The law must catch up with the rapidly-changing third sector landscape, argues Nicola Evans, a senior associate at Bircham Dyson Bell

Nicola Evans
Nicola Evans

As a nation, we are known for being world class at queuing.

On the charity law front, it seems we can take this to a new level. We are good at waiting; we get a lot of practice at it. Currently, we await an announcement on the forthcoming review of the operation of the Charities Act 2006. This is despite the fact that, five years on, much of the act is not yet in operation; we are still waiting.

We are waiting for the regulations to introduce charitable incorporated organisations, the corporate form designed exclusively for charities. These seem to have been imminent for a good few years now, but this time we think it really is going to happen (nevertheless, at the time of writing, we still wait).

When CIOs are brought in, it is expected to be a phased implementation, the details of which are yet to emerge. Charities with a reason to incorporate should not wait; that reason does not go away just because CIOs are not yet available. If appropriate, companies limited by guarantee may be able to convert to CIOs later.

We also await the regulations to implement fully the provisions of Schedule 6 of the Finance Act 2010, which introduce a new definition of charity for UK tax purposes. At present, those are in force for charities only in respect of Gift Aid on gifts by individuals.

The statutory instruments to bring the provisions into force for other taxes have been expected for some time. It seems, however, that we may not need to wait much longer; they are now due to be published for consultation in November, with the aim of bringing them into force from April 2012.

Given the controversy over the new 'fit and proper persons' test within the definition, it may be that some in the sector would be happy in this case to carry on waiting.

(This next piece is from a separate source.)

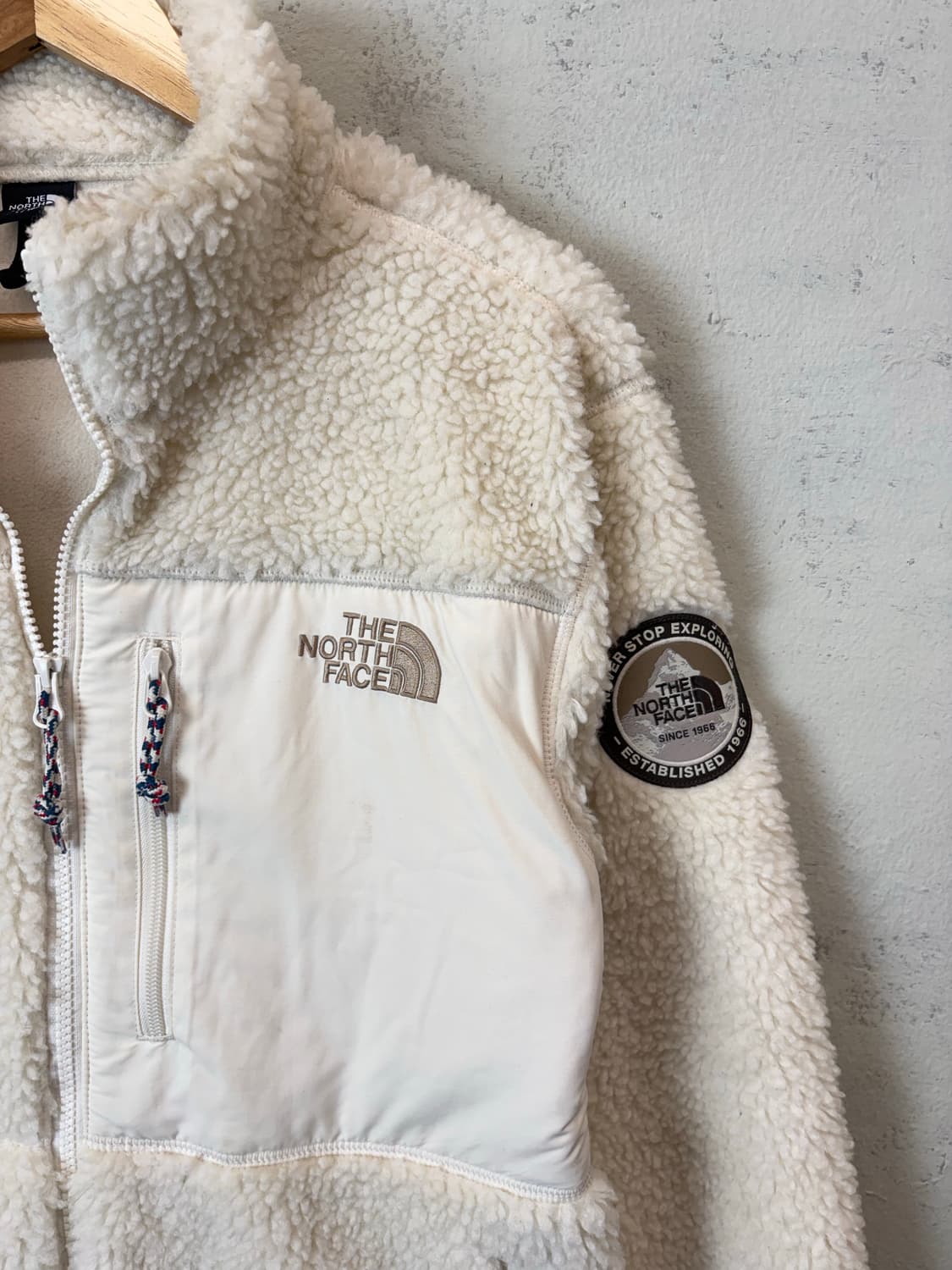 노스페이스 크림 화이트 후리스 자켓 상품이미지7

The difficulty is that having the provisions in force for one aspect of tax and leaving the rest in abeyance can cause confusion - for example, where charities that do not claim Gift Aid are still expected by HMRC to go through the new 'recognition' process.

A consolidation of charity legislation was promised when the 2006 Charities Bill was going through parliament. The resultant bill is currently going through the special consolidation procedure in parliament, but this coincides with the impending review of the operation of the 2006 act.

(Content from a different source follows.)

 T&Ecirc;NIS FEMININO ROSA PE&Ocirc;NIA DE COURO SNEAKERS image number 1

This has led to suggestions that, rather than simplifying charity law, we might simply have an extra statute that will be amended again in a few years. As ever, charity law seems to be in constant flux.

The sector waited nearly four years for the first reference by the Attorney-General to the charity tribunal introduced by the 2006 act. The decision on that reference, relating to some of the Charity Commission's public benefit guidance, was finally published earlier this month.

Perhaps the epitome of patience is shown by those who deal with the regulation of public charitable collections, possibly the main area where members of the public are aware of direct contact with charities.

Provisions to replace pre-war regulation appeared in the Charities Act 1992, but they were repealed without being implemented. New provisions are included in the 2006 act, but the suspicion is that they will go the same way as their forebears.

Charities are busier than ever at present, trying to service greater demands with diminishing resources. Perhaps it is time that charity law kept up.